The 53 National Guardsmen assigned to the installation, aided by machine-gun fire from an AC47 airplane and a helicopter, drove off the guerrillas in four hours of fighting, according to Army officers and residents living on the slopes of the San Salvador Volcano six miles from the center of the city.

The raid was the largest guerrilla attack this close to the capital in more than two years.

The Popular Liberation Forces, one of the two largest left-wing combat groups, claimed in an evening broadcast that it left 60 guardsmen dead or wounded. Television crews filmed the removal of seven dead soldiers from the peak.

The guerrillas, who are part of the Farabundo Marti National Liberation Front, temporarily overran one end of the fenced-in cluster of buildings and towers, firing 90-mm cannons, 81-mm mortars and machine guns, according to two reporters who visited the center late in the afternoon and attributed the information to the officer commanding the defenders.

But the guerrillas failed to overrun the target, and the armed forces praised the National Guardsmen's "heroic" defense. The United States had delivered the AC47 gunship in December despite some concern in the U.S. Congress that its capacity to blanket the ground with fire would increase civilian casualties.

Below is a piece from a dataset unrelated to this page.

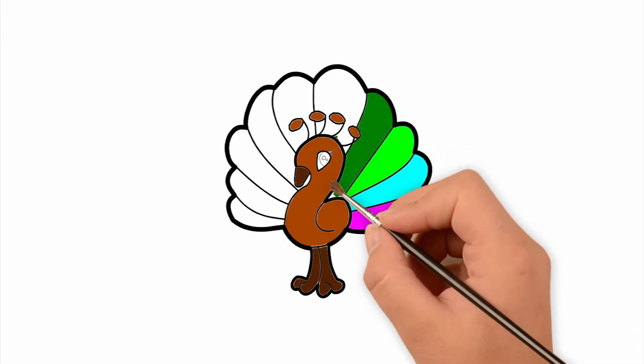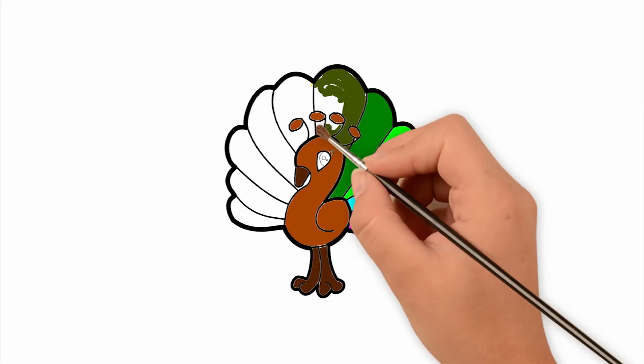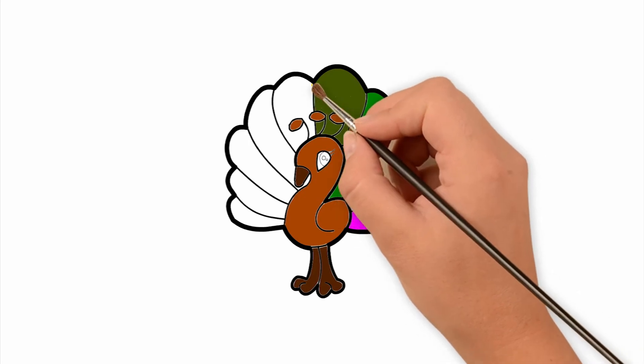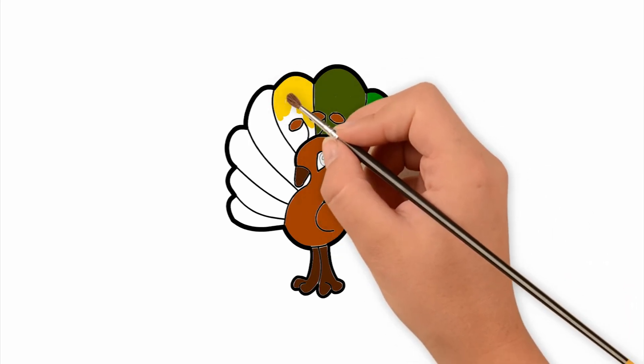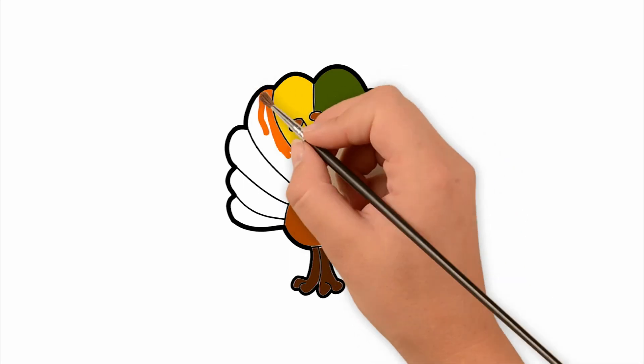A Tisket, a Tasket, a green and yellow basket. I wrote a letter to my love and on the way I dropped it. Dropped it, I dropped it, and on the way I dropped it. A little boy he picked it up and put it in his pocket.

But according to more than 25 residents interviewed today only one civilian was wounded from gunfire from the air. He apparently was hit by a bullet from the helicopter.

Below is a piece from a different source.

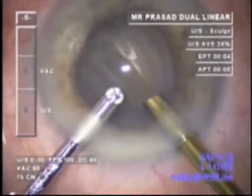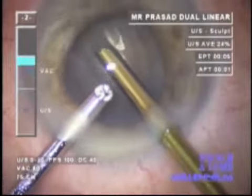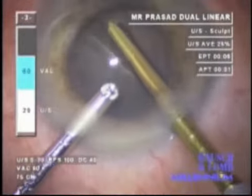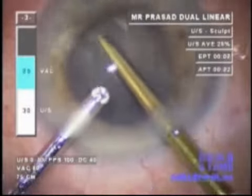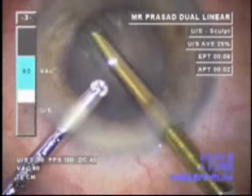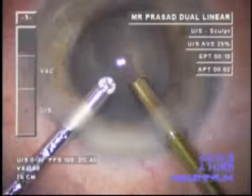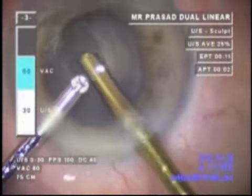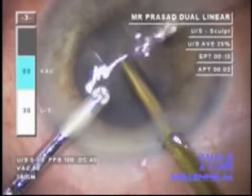Biaxial phacoemulsification is then undertaken and, as you can see, neat grooves are made. The Divide and Conquer technique is employed — in spite of the difficult case — as it seems most efficient. As the first groove is deepened, further deepening can be done in a very controlled manner, with the irrigating chopper merely acting as an anterior chamber maintainer.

The AC47 "was used, and with much effectiveness," armed forces chief of staff Gen. Adolfo Blandon said. He said a woman was killed at the installation, apparently a victim of the guerrillas' attack.

Blandon said at a news conference that the attack began at 12:40 a.m. and that four guardsmen were wounded and two were missing. Blandon said figures on guerrilla casualties were not available, but that the defending guardsmen's commander believed 400 guerrillas were involved.

The armed forces dispatched 2,500 troops from the two closest brigade headquarters to surround the guerrillas and hunt them as they withdrew, Blandon said. But soldiers interviewed on the slopes this afternoon said that they arrived there only after dawn, about five hours after the attack, and had had no contact with the guerrillas.

The guerrillas damaged television antenna towers for two channels, as well as blowing up a building housing telephone equipment. Telephone service was normal, however, this afternoon.

The installation is on El Picacho, the higher of two peaks on the extinct San Salvador Volcano.

About halfway down El Picacho, its slopes become less steep and are covered with coffee farms and scattered small houses. The residents said they almost never saw guerrillas in the neighborhood.

"It never has happened like this," Felicita Juarez, 40, said at her neat brick home in the hamlet of El Progreso. She and the rest of her family of five crawled under their two beds when the "explosions" began.

About half an hour later, she said, they were joined in the house by seven members of the Perez family, who live farther up the volcano. Santos Perez, was struck in the forehead while sitting in the Juarez house when a bullet splintered a wooden beam, members of the Juarez family said.

They said that they heard the helicopter's rotors nearby.